Molly (Eireann Harper) plays herself as a backpacking undergrad keen to slum it with those poor folk down in Mexico, only to find that they're not all poor. Diego (Diego Cataño) is the pubescent son of the wealthy family who welcome her in, and who turns his attentions from his cousin to her when she reciprocates his attention, keen to master her Spanish.
Diego's character is well sketched out, from his roving eyes to his nervous mumbling, and one wonders whether his humping dog testosterone hit a little too close to home for 15-year-old Cataño. But Molly is from New York and - surprise, surprise! - she's neurotic, probably from the east village, and having a fling with a college professor. This has become such a cliche in films that I'm starting to get neurotic about it. First she worries that she's not seen the real side of Mexico, then she worries that the people she stays with are too rich, then she worries that she's embarassing herself on the beach, then she worries that Diego is coming on to her. She never stops fretting, and it never stops grating.

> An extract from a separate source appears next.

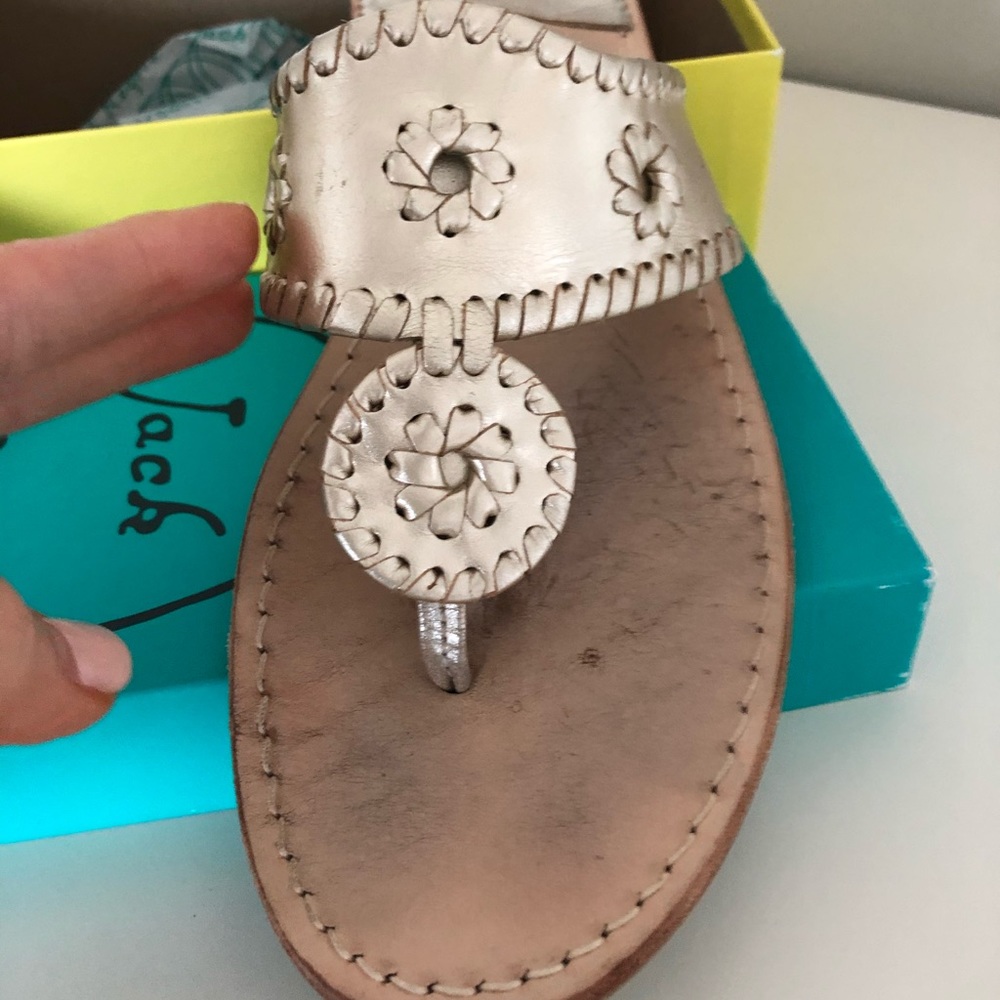 Jack Rogers Platinum Hamptons Sandal Flat - size 9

It's a shame really as the idea behind the film - that life's small everyday beauties fly past us in an instant, and should be savoured - is one that can never be said enough. The name of the film symbolises how life's best times are only remembered in association with the most mundane things: in this case, Diego's ingrowing toe nail. And a romance between a young woman and a feral but fawning (Diego travels all the way to New York to impress Molly) adolescent male could well have been sweet had the still images not clashed with most of the voice acting, which is not so much bad as entirely remote and detached from the images on screen. Of course it's an illusion, but the best ones don't feel like they are. As such it feels like one long trawl through the photo album of somebody else's holiday.
But the main problem is that it's not original. For one, see Chris Marker's 1962 sci-fi La Jetée for a film entirely made of stills. It's not novel in anyway: people have been taking photos of real life situations and turning them into fiction for more than a century. More impressive would have been if Cuarón had managed to take video footage of these events and turn it into a completely different story, a more demanding challenge, surely? Except that's been done before too - in, er, the Magic Roundabout of all things.
Jonás has it in him to produce a touching film, there's no doubt, but perhaps frustratingly for him, if he stopped trying so hard to avoid his father's shadow he might well get out from under it.